Vijay Prashad Speaks of Shailja Patel’s
Migritude
California is a peculiarly schizophrenic place to be a
migrant. On March 31, 2001, the state began to celebrate Cesar E. Chavez Day,
to honor the farm worker leader and to celebrate the contribution of migrants
to the state. In 2006, the U.S. Congress passed the Secure Fence Act, whose
intent is to take the many physical barriers along the U.S. - Mexico border and
meld them into the Great Wall of America. The Border Wall is an affront to the
heritage of Chavez, and to the migrants whose labor
created and continues to maintain California as we know it. It is a monument to
the brutality of the U.S. war on migrants. (Operation Gatekeeper, begun in
1994, claimed the lives of 444 migrants over five years; the East German border
guards killed 263 people from 1949 to 1989.)
These two visions for California are in constant combat, and it is on one side
of this conflagration that Shailja decided to unpack
the trousseau of saris given to her by her mother. Through them, she reveals an
inheritance of emotions, of histories bound up in journeys from India to Kenya
to the United States. The sari, a piece of cloth, binds continents and
families. But it is also that which allows us to think of the bind: it holds
things together, it bandages wounds, but it also obliges us to think about what
it means to be bound together. We are as bound by the struggles of the migrant
workers who have inserted their bodies and desires into our society as we are
by the granite block of the power elite that is loath to cede its power or open
its purse. This bind is the central metaphor of Shailja’s
book.
Shailja’s book is not simply about migrants. It’s
about the condition of migration – of migritude. It
is not a cultural anthropology of migrant lives, but rather a philosophical
meditation on what it means to live within the concept of Migrant. Riffing as
it does off the term négritude, it is also
about race. Léopold Sédar
Senghor caught the spirit of négritude when he
wrote: “Far from seeing in one’s blackness an inferiority,
one accepts it, one lays claim to it with pride, one cultivates it lovingly.”

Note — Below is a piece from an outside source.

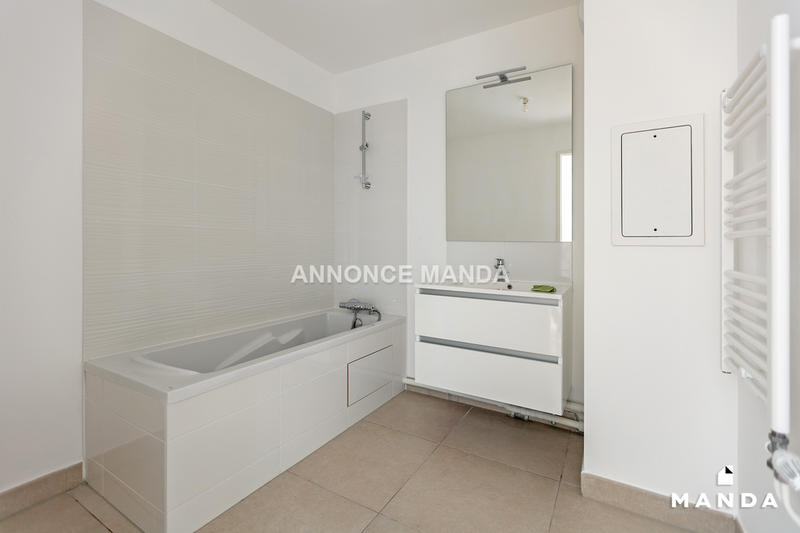Appartement - 65 m² - 3 pièces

Senghor’s friend Aime Césaire
coined the term in his Cahier d’un Retour
au Pays Natal (1939, Notebook of a
Return to My Native Land), where he wrote that négritude
is “not a cephalic index, or a plasma, or a soma, but [it is] measured by the
compass of suffering.”
Migritude
draws from this heritage to suggest that there is a “compass of suffering”

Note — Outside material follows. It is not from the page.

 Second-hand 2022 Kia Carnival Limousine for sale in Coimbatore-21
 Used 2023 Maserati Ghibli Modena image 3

shared by migrants of color into the heartlands of power. It shows how this
compass binds them in unexpected ways. The term migritude
suggests the horizontal assimilation engineered by migrants as they smile at
each other, knowing quite well what is carried on each other’s backs.
I came to Shailja Patel’s Migritude joyously, embraced by
the first few lines about the teardrop in Babylon. The embrace didn’t falter.
The words held me. They are a song. What does the song hope for? It wants
understanding, which is a gesture toward freedom.